Scotty comes up with a way to get off the planet but the aliens attack the shuttle. Everyone tells Spock off and blames him instead of being useful and at this point it's a bit annoying? Even McCoy is being annoying here (Scotty is the most professional.) Meanwhile the Galactic Commissioner keeps being a prick and counting down how long Kirk has to search. Kirk eventually orders the Enterprise to leave...at SPACE NORMAL SPEED. I assume that's pretty slow. Spock is hit by a boulder but McCoy and the other asshole save him. The shuttle takes off but they won't be able to orbit for long and there's only a slim chance the Enterprise will see them. Spock chooses to ignite the shuttle's fuel so the Enterprise will see it and they're saved just in time. Once back on the ship Kirk and McCoy tease Spock by saying it was illogical to ignite the fuel. Spock said that logically a desperate act was the only way to escape the hopeless situation. Everyone's laughs at Spock for not admitting he was being emotional. But...it was logical to ignire the fuel! They were going to die anyway so sending out a flare was actually a logical thing to do?

SO YEAH, while this is a very good episode I still have problems with it. Everyone's reaction to Spock on the planet seems really exaggerated. I like a good Spock/McCoy argument as much as the next person but McCoy's only role in the episode seems to be sitting there going "YOU'RE WRONG, SPOCK" instead of actually trying to help. After Spock's plan fails he's all "WELL IT WAS OBVIOUS YOUR PLAN WOULD FAIL YOU STUPID VULCAN" but he didn't actually say that before! And like I said the ending doesn't really work as what Spock did was pretty logical really.

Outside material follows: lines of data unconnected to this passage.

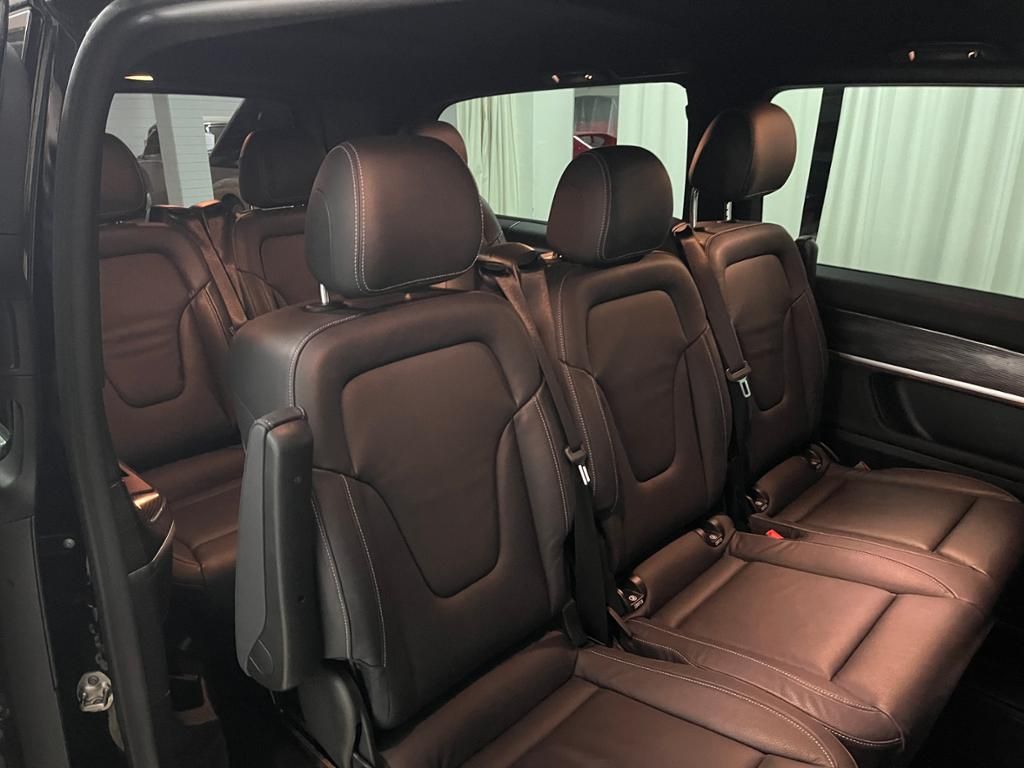 Mercedes-Benz V 300 d Avantgarde XL - Samsaru's Car Outlet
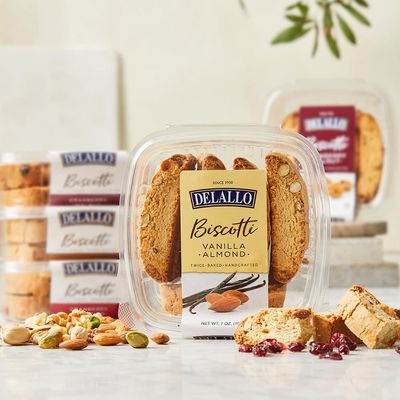 DeLallo Vanilla Almond Biscotti, 4 Pack, Authentic Italian Recipe, Twice Baked Cookies Non-GMO All Natural Italian Biscuits Made with Handcrafted Vanilla Bean, 7 oz Container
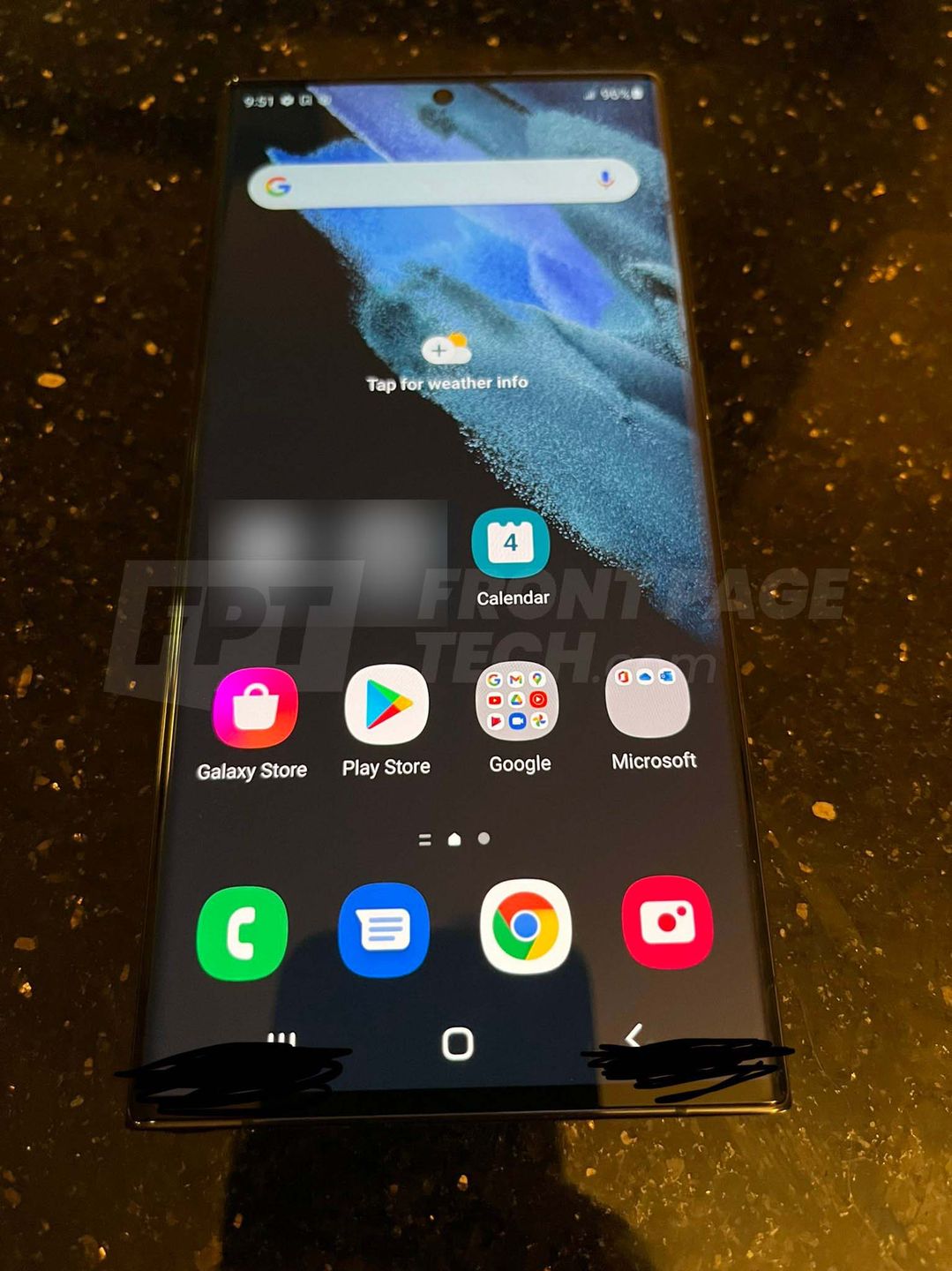 Samsung Galaxy S22 Ultra przyłapany na zdjęciach. Przecieki o rysiku się potwierdzają 3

But I get what the episode is trying to do and the shuttle stuff is quite exciting and I like the giant aliens who are crap at throwing spears.

NOTE: As I'm watching the remastered versions on Netflix I sometimes wonder what the original versions looked like. This one surely benefited the most from the new special effects as all the shots of the shuttle look great and I imagine they didn't look like that originally!

SCORE: 8/10
 
NOTE: As I'm watching the remastered versions on Netflix I sometimes wonder what the original versions looked like. This one surely benefited the most from the new special effects as all the shots of the shuttle look great and I imagine they didn't look like that originally!

They weren't terrible!

 
I dunno -- to me that's changing too much. The new shuttle launch out of the bay is obviously something that couldn't have been achieved back then, so it sort of takes the show out of its time. The effects weren't that terrible for the 60s. I don't like this kind of self-conscious over-fixing.
 
The Squire of Gothos - Kirk and Sulu disappear from the Bridge. That means Spock gets to be in Command again, so that's fun! Nobody's a dick to him this time. McCoy and some other guys go down to a planet to look for Kirk and Sulu. They find them frozen in pace in a castle being held by some crazy alien named Trelane! He's been watching Earth through some kind of "space viewer" and his information is 900 years out of date. He likes Napoleon. He's a super powerful alien but also kind of dumb! Spock manages to transport the crew back to the ship but Trelane comes with them and transports some of them back down. He flirts with Uhura (in a racist way) and a Yeoman. Kirk figures out that the mirror is the source of Trelane's power and challenges Trelane to a duel. Kirk shoots the mirror and some comed soundy effects play.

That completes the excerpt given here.